DESCRIPTION OF THE TASK » Transcribe each entry in full, and leave the images out.

[[ DATA RECORDS, beginning ]]

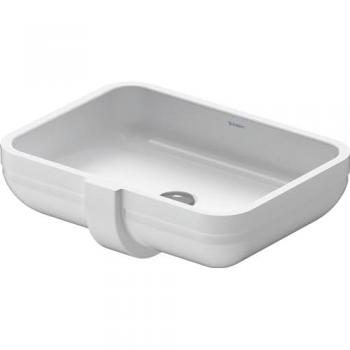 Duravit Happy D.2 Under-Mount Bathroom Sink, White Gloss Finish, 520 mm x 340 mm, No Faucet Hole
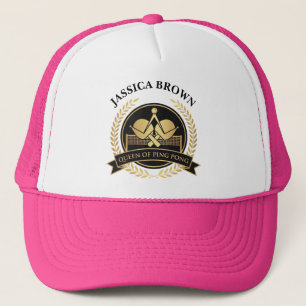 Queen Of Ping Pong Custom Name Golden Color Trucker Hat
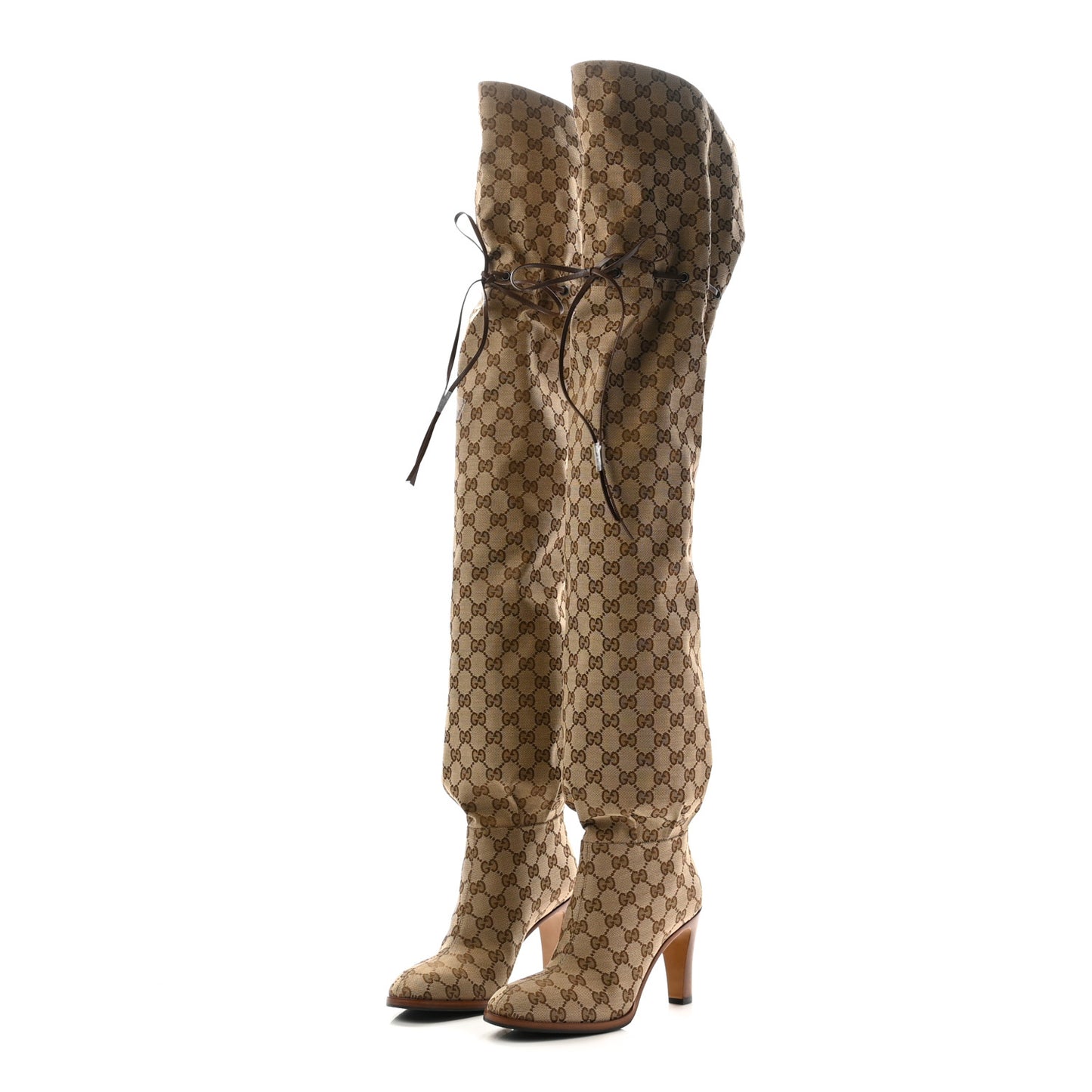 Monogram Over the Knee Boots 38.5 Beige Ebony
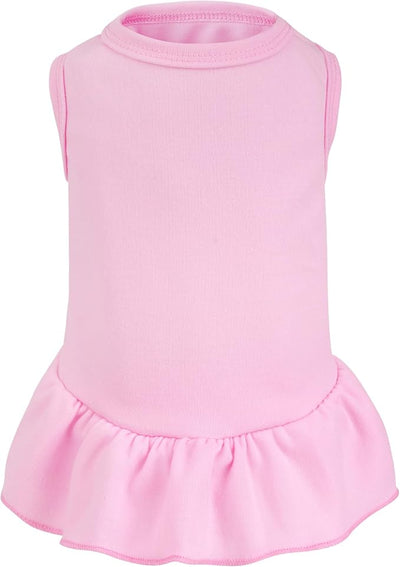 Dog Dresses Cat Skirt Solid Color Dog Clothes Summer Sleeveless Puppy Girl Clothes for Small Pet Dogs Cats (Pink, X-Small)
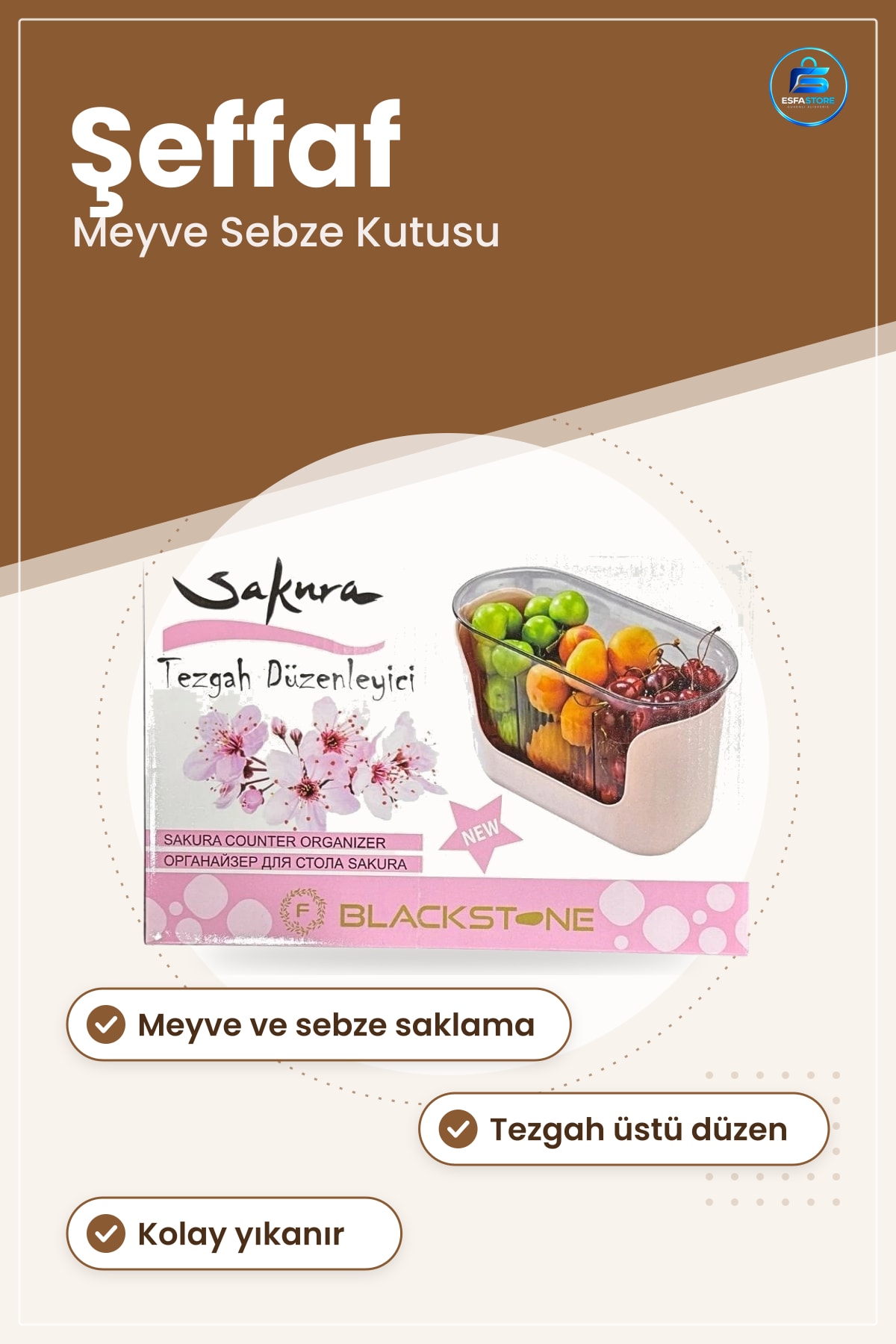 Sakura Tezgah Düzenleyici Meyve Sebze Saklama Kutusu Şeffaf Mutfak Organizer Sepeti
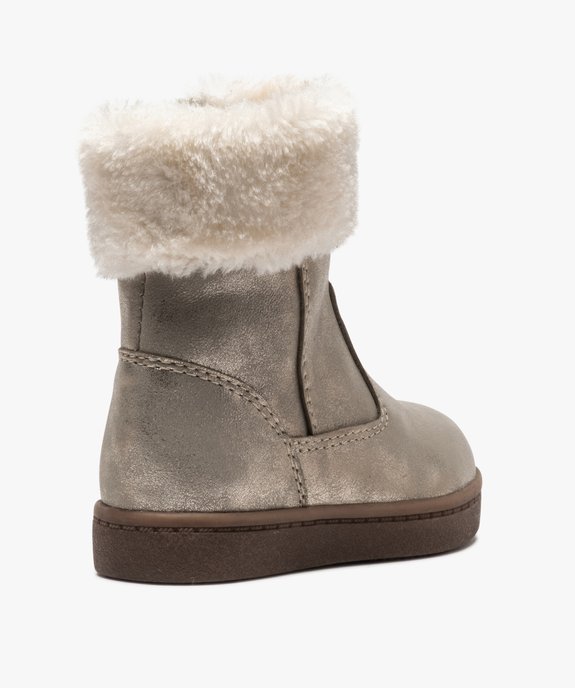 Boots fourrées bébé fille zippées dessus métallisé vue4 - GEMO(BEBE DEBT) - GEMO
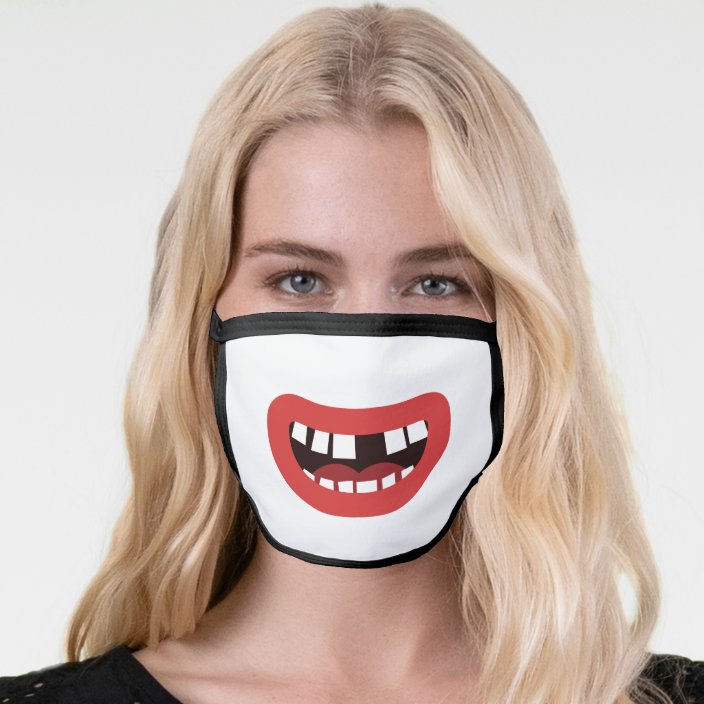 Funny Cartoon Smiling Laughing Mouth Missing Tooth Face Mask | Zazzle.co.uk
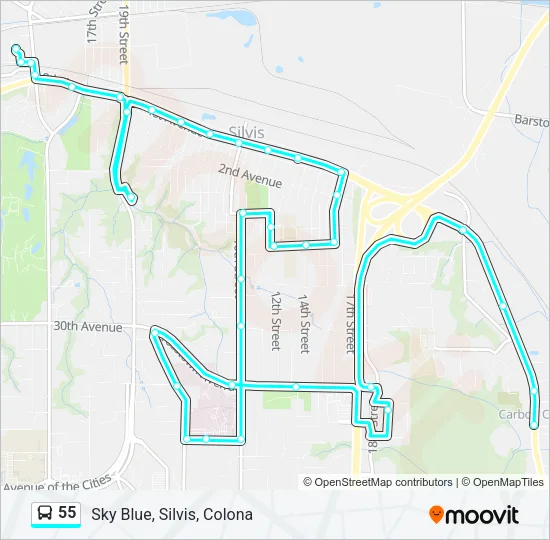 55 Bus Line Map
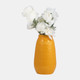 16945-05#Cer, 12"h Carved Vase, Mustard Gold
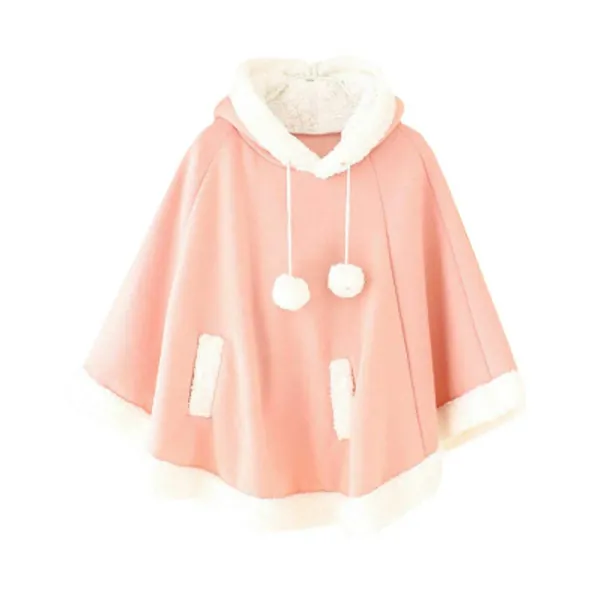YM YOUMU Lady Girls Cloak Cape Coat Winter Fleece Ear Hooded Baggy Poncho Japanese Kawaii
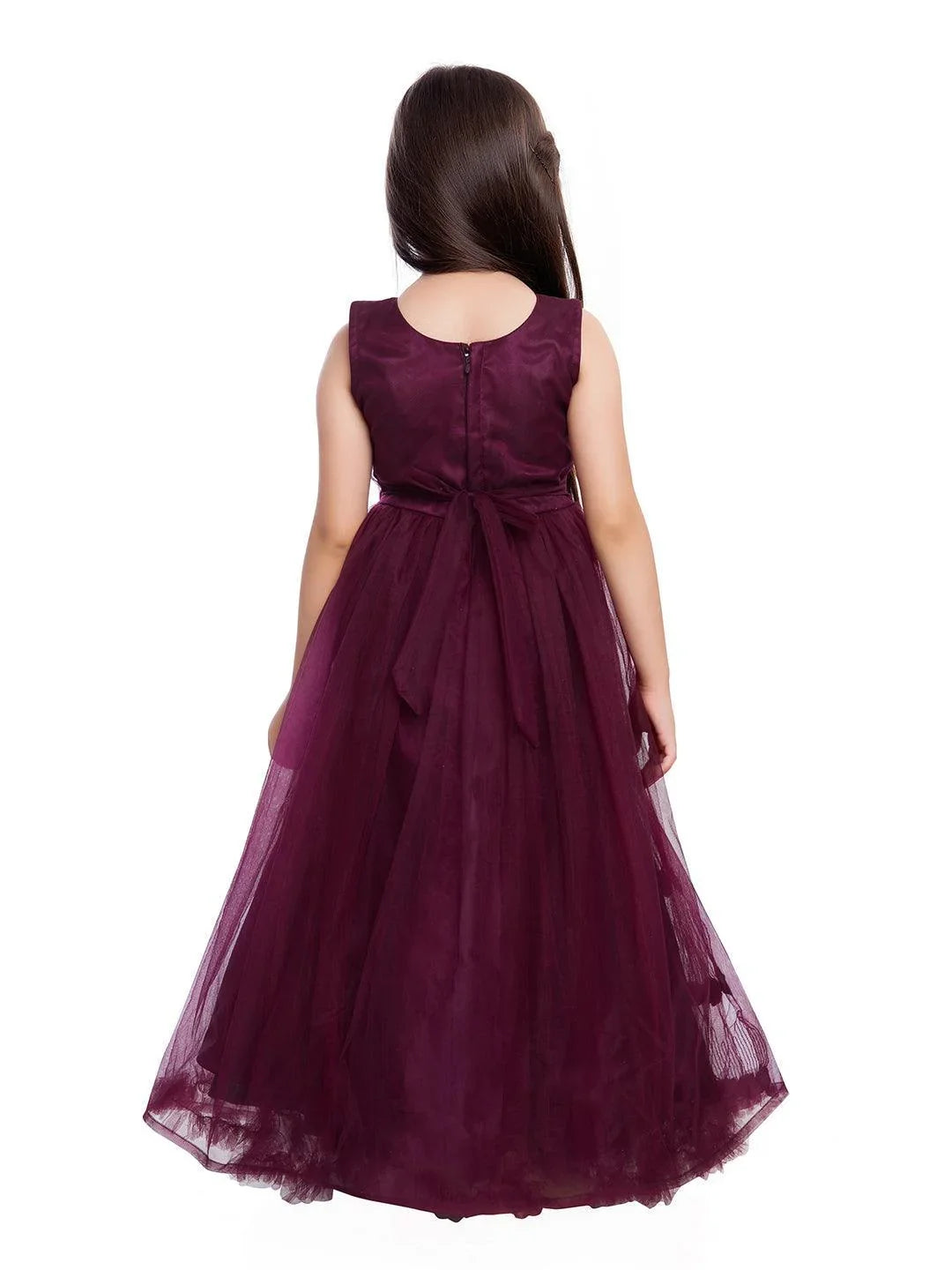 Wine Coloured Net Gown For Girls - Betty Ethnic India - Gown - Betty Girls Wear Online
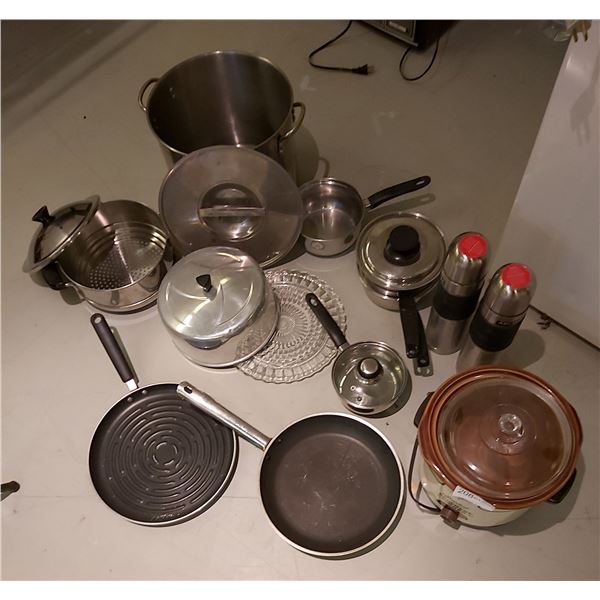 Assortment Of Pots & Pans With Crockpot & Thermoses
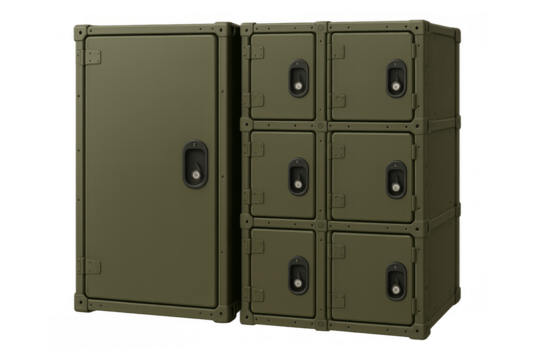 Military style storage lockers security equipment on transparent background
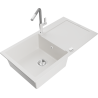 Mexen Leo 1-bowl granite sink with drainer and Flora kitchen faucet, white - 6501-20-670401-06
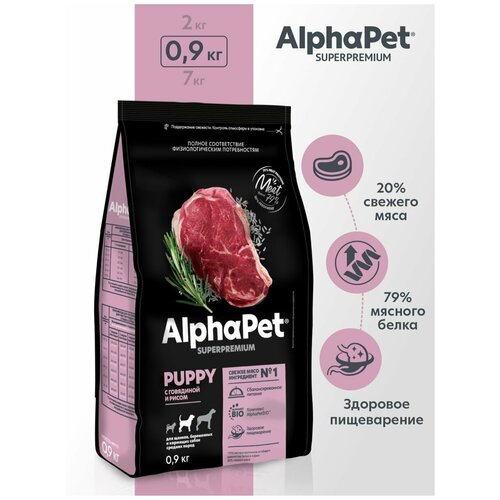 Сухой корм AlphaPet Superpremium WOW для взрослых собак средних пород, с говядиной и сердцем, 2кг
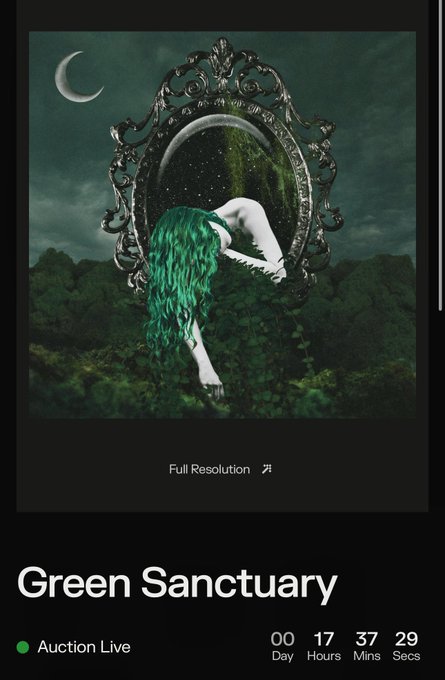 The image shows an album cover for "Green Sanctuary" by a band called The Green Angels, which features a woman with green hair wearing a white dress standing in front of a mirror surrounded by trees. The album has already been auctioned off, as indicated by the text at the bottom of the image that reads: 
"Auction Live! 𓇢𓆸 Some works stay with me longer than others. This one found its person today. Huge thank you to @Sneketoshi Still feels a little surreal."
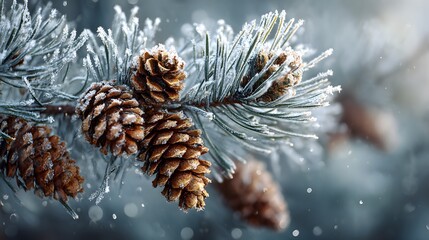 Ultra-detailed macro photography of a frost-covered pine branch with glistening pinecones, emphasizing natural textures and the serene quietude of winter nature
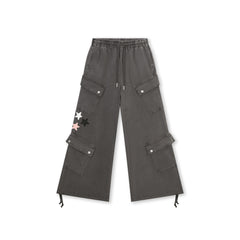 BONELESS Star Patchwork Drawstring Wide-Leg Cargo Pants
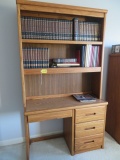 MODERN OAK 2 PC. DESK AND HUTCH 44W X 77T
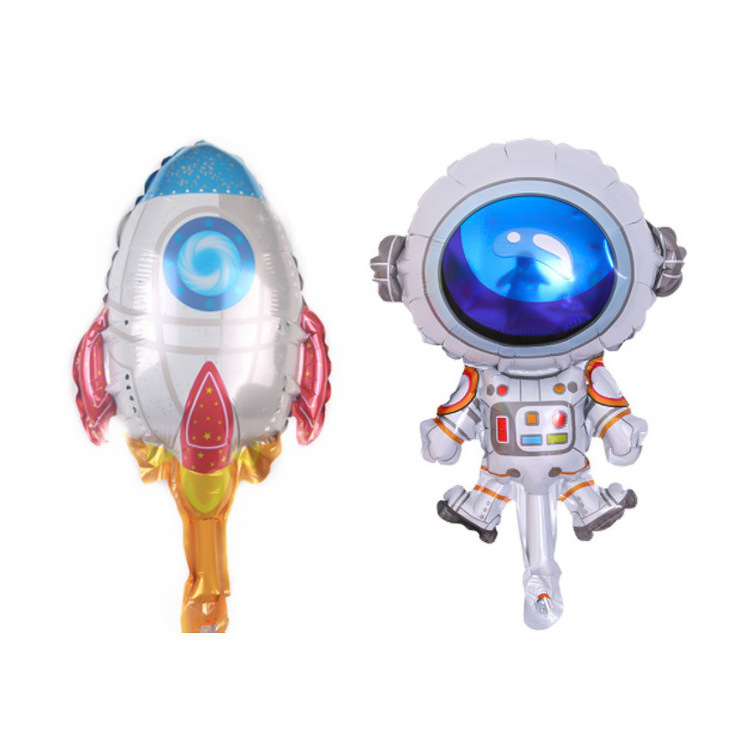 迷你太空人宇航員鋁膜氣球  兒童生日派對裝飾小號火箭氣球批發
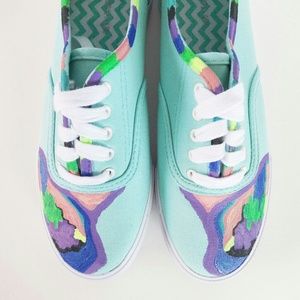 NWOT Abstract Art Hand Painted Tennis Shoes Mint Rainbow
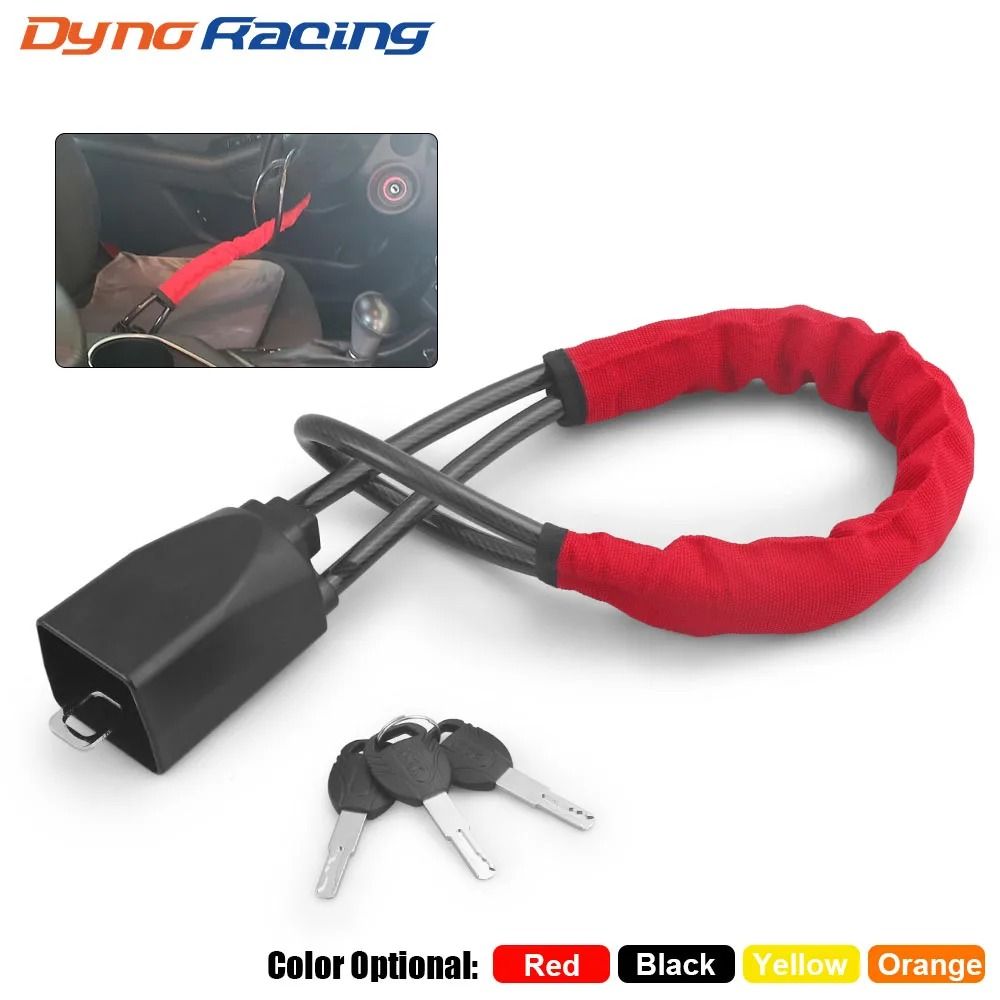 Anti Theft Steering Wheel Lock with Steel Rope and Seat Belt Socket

[[ DATA RECORDS, end ]]

OUTPUT OF THE TASK »
 Duravit Happy D.2 Under-Mount Bathroom Sink, White Gloss Finish, 520 mm x 340 mm, No Faucet Hole
 Queen Of Ping Pong Custom Name Golden Color Trucker Hat
 Monogram Over the Knee Boots 38.5 Beige Ebony
 Dog Dresses Cat Skirt Solid Color Dog Clothes Summer Sleeveless Puppy Girl Clothes for Small Pet Dogs Cats (Pink, X-Small)
 Sakura Tezgah Düzenleyici Meyve Sebze Saklama Kutusu Şeffaf Mutfak Organizer Sepeti
 Boots fourrées bébé fille zippées dessus métallisé vue4 - GEMO(BEBE DEBT) - GEMO
 Funny Cartoon Smiling Laughing Mouth Missing Tooth Face Mask | Zazzle.co.uk
 55 Bus Line Map
 16945-05#Cer, 12"h Carved Vase, Mustard Gold
YM YOUMU Lady Girls Cloak Cape Coat Winter Fleece Ear Hooded Baggy Poncho Japanese Kawaii
 Wine Coloured Net Gown For Girls - Betty Ethnic India - Gown - Betty Girls Wear Online
 Assortment Of Pots & Pans With Crockpot & Thermoses
 Military style storage lockers security equipment on transparent background
 Mexen Leo 1-bowl granite sink with drainer and Flora kitchen faucet, white - 6501-20-670401-06
 Сухой корм AlphaPet Superpremium WOW для взрослых собак средних пород, с говядиной и сердцем, 2кг
 The image shows an album cover for "Green Sanctuary" by a band called The Green Angels, which features a woman with green hair wearing a white dress standing in front of a mirror surrounded by trees. The album has already been auctioned off, as indicated by the text at the bottom of the image that reads: 
"Auction Live! 𓇢𓆸 Some works stay with me longer than others. This one found its person today. Huge thank you to @Sneketoshi Still feels a little surreal."
 Ultra-detailed macro photography of a frost-covered pine branch with glistening pinecones, emphasizing natural textures and the serene quietude of winter nature
 BONELESS Star Patchwork Drawstring Wide-Leg Cargo Pants
 MODERN OAK 2 PC. DESK AND HUTCH 44W X 77T
 迷你太空人宇航員鋁膜氣球  兒童生日派對裝飾小號火箭氣球批發
 NWOT Abstract Art Hand Painted Tennis Shoes Mint Rainbow
 Anti Theft Steering Wheel Lock with Steel Rope and Seat Belt Socket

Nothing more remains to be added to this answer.